H2MEX is a program that gernerates automatically the C++ source of an  Matlab interface file (MEX file) from header file (the .h file).

The Header file format is a pure C format, It’s extended with some

modifiers that allows to H2MEX to understand the exact task of a C routine.

The generated source (MEX file source) could be compiled without any

modification to create a DLL which is callable from Matlab.

H2MEX is developped by Alaa Makdissi. It’s based on the Matwrap package coded by Gary Holt

H2mex is Freeware.

You download it here H2MEX.EXE


Usage :

h2mex inputfile.h -o output.cpp [-outdir  DirectoryName]

where :

  • inputfile.h is an input header file that contains a description of the functions to be wrapped
  • output.cpp is the name of the file to be generated by h2mex
  • The optional -outdir DirectoryName indicates to h2mex to put the generated m files in the directory DirectoryName.

H2MEX Documentations

Most (if not all) of this text is copied (with permission) from the matwraper script written by Gary Holt.

It you have perl installed in your computer then you should use the matwrap package because it has more options and supports more languges than the h2mex program.

Who needs to use this program ?

suppose you have some functions defined in an .h file, like this:

float fiddle(double arg);

double tweedle(int x, char *name);

You can access these directly from MATLAB by using the following:

>>!h2mex fiddle.h -o myfuncs_wrap.c -outdir c:mymfiles

>>mex -v myfuncs_wrap.c

Then, in MATLAB, you can do the following:

y = tweedle(3, 'Hello, world');

A = fiddle([3, 4; 5, 6];

Note especially the last statement, where instead of passing a scalar as the argument, we pass a matrix. The c function fiddle() is called repeatedly on each element of the matrix and the result is returned as a 2×2 matrix.

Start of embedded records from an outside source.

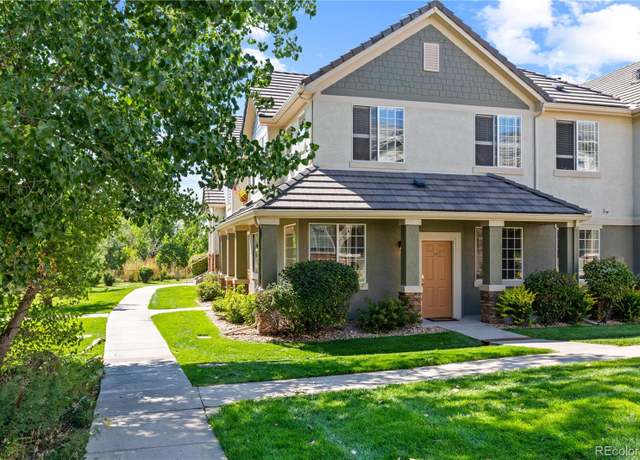 Property at 22580 E Ontario Dr #103, Aurora, CO 80016, 2 beds, 2 baths
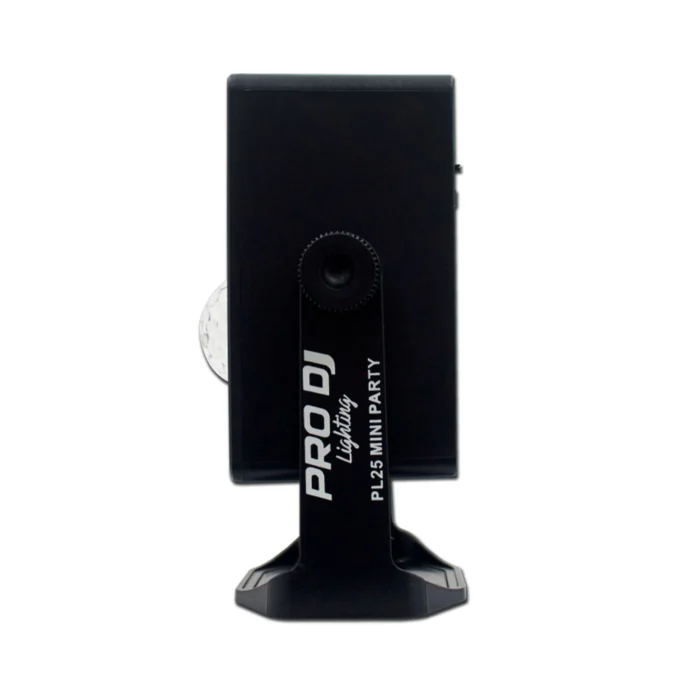 PL25 MINI PARTY PRO DJ LIGHTING Luz todo en uno - Image 2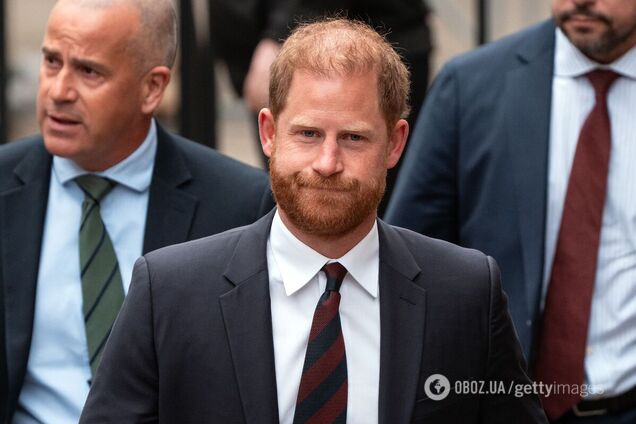 Ходил по улице и стучал в дверь. Принц Гарри попал в конфуз в Лондоне на фоне заявлений, что не чувствует себя там безопасно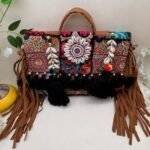 Wanderleaf Banjara Bag - Image 3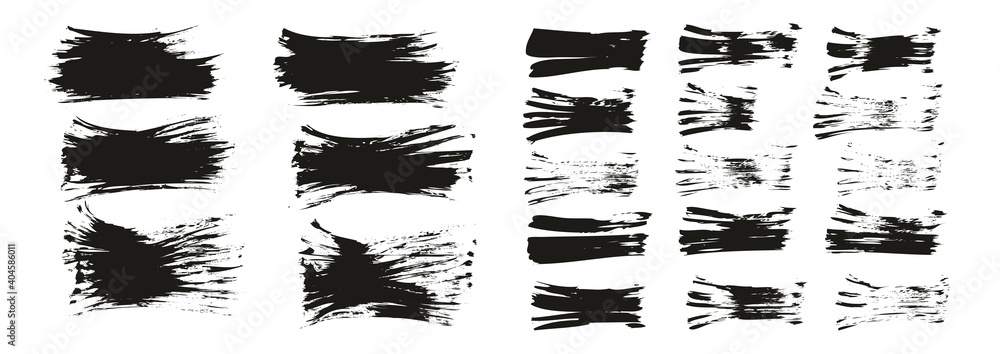 Flat Fan Brush Thin Short Background & Straight Lines Mix High Detail Abstract Vector Background Mix Set Flat Fan Brush Thin Short Background & Straight Lines Mix High Detail Abstract Vector Background Mix Set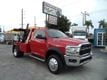 2021 Ram 4500 SLT. WRECKER TOW TRUCK JERRDAN MPL-NGS AUTO LOADER - 22755750 - 0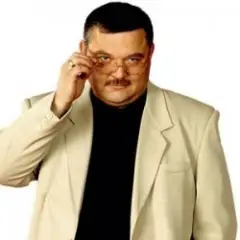 Падал снег
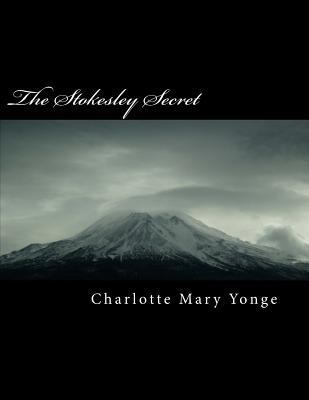 The Stokesley Secret 1985722984 Book Cover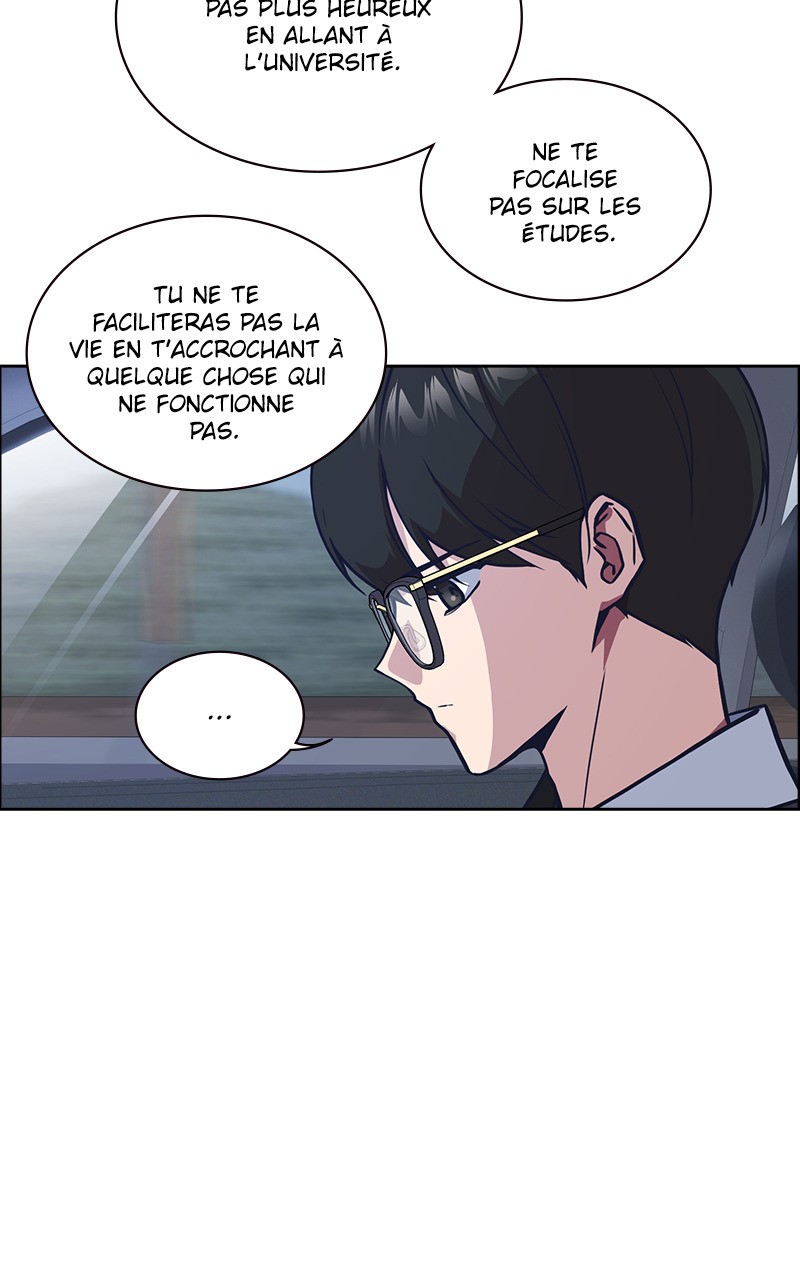 Read Study Group FR Manga Online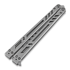 Тренировочный балисонг BRS Barebones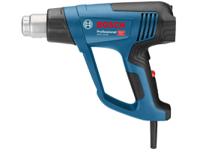 06012a6370 Bosch GHG 23-66 650°C max Corded Heat Gun, Type G - British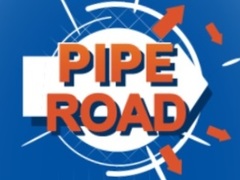 Oyunu Pipe Road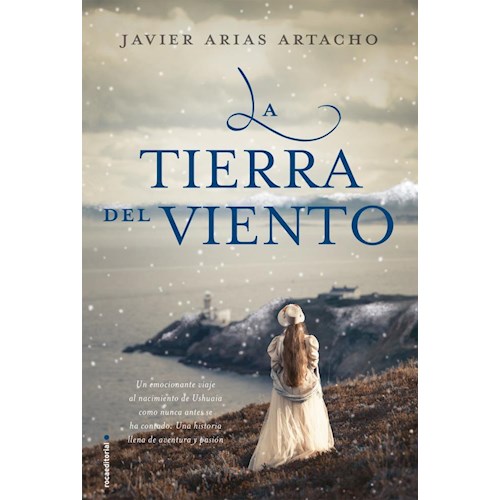 Papel LA TIERRA DEL VIENTO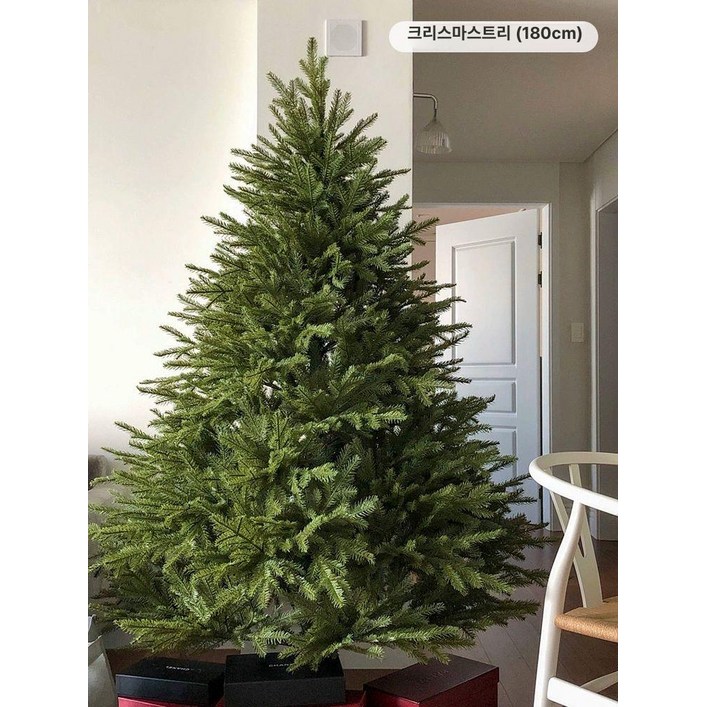 pe100트리 pe100트리 최고급 친환경트리 1.8M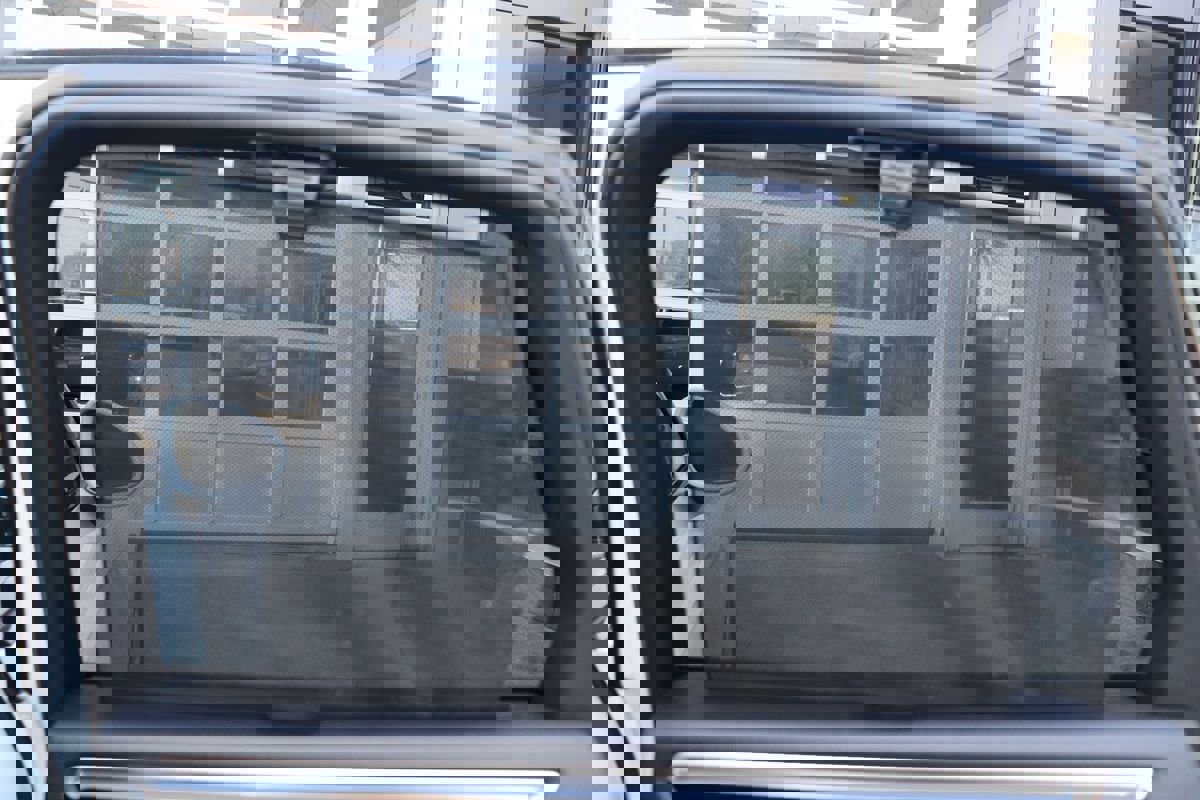 Used 2018 Porsche Macan image 47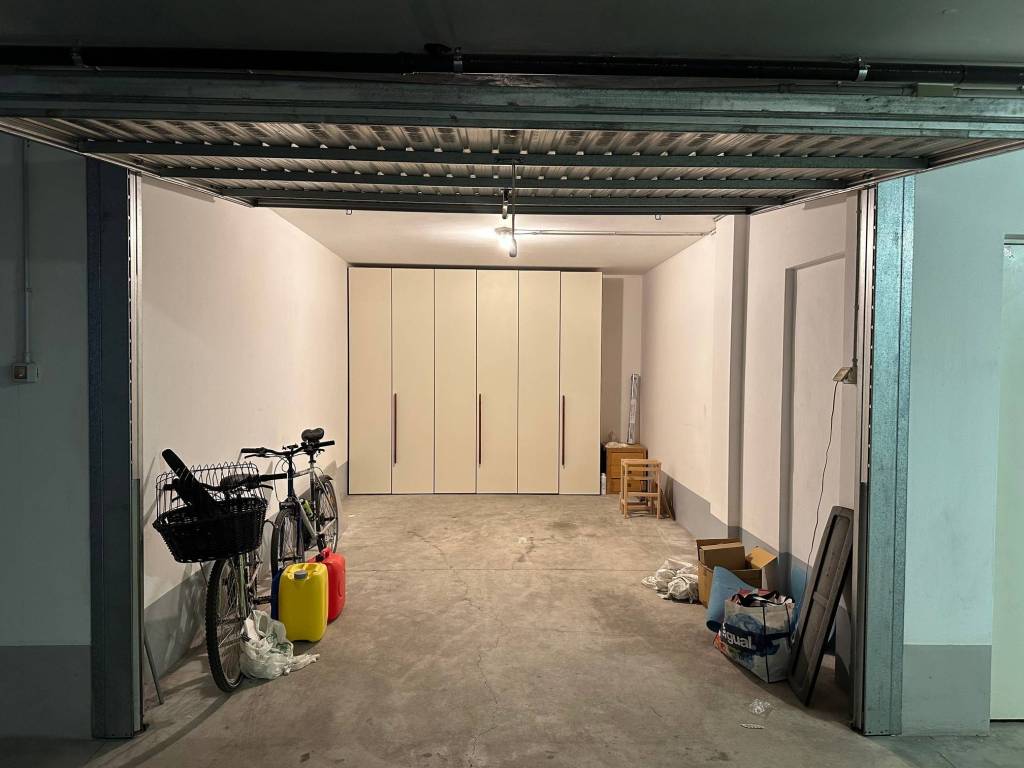 Box / garage a Saluzzo in Corso 27 Aprile - Foto 4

Floats, doubles, char *, integer, unsigned, and pointers to structures may be used as arugments. Function pointers are not currently supported in any form. C++ operator definitions are not supported either.


C++ classes

You can access public member functions and simple public data members of classes. For example,

class ABC { 
public: ABC(int constructor_arg);
void do_something(float number, int idx);
double x;

From MATLAB , you would access this structure like this:

ABC_ptr = ABC_new(3); % Call the constructor and return a pointer.

ABC_do_something(ABC_ptr, pi, 4); % Call the member function.

abc_x = ABC_get_x(ABC_ptr); % Get the value of a data member.

ABC_set_x(ABC_ptr, 3.4); % Set the data member.

ABC_delete(ABC_ptr); % Discard the structure.

the same thing will work for C structs–the only difference is that they have only data members and no member functions.

    • Only public members are accessible from matlab.
    • Operator overloading and function overloading are not supported.
    • Function pointers are not supported.


You can also call functions that take arrays of data, provided that they accept the arrays in a standard format. For example, suppose you want to use the pgplot distribution to make graphs. The following function generates a histogram of data:

void cpgbin(int nbin, const float *x, const float *data, Logical center);

Here x[] are the abscissae values and data[] are the data values. If you add to your .h file a simple statement indicating the dimensions of the matrices, like this:

//%input x(nbin), data(nbin)

then from MATLAB, you can call this function like this:

cpgbin(X, Data, 1)

where X and Data are vectors. The nbin argument is determined from the length of the X and Data vectors automatically (and the wrapper generator makes sure they are of the same length!).

This will also work with multidimensional arrays, provided that the function expects the array to be a single one-dimensional array which is really the concatenation of the columns of the two-dimensional array.(This is normal for Fortran programs.).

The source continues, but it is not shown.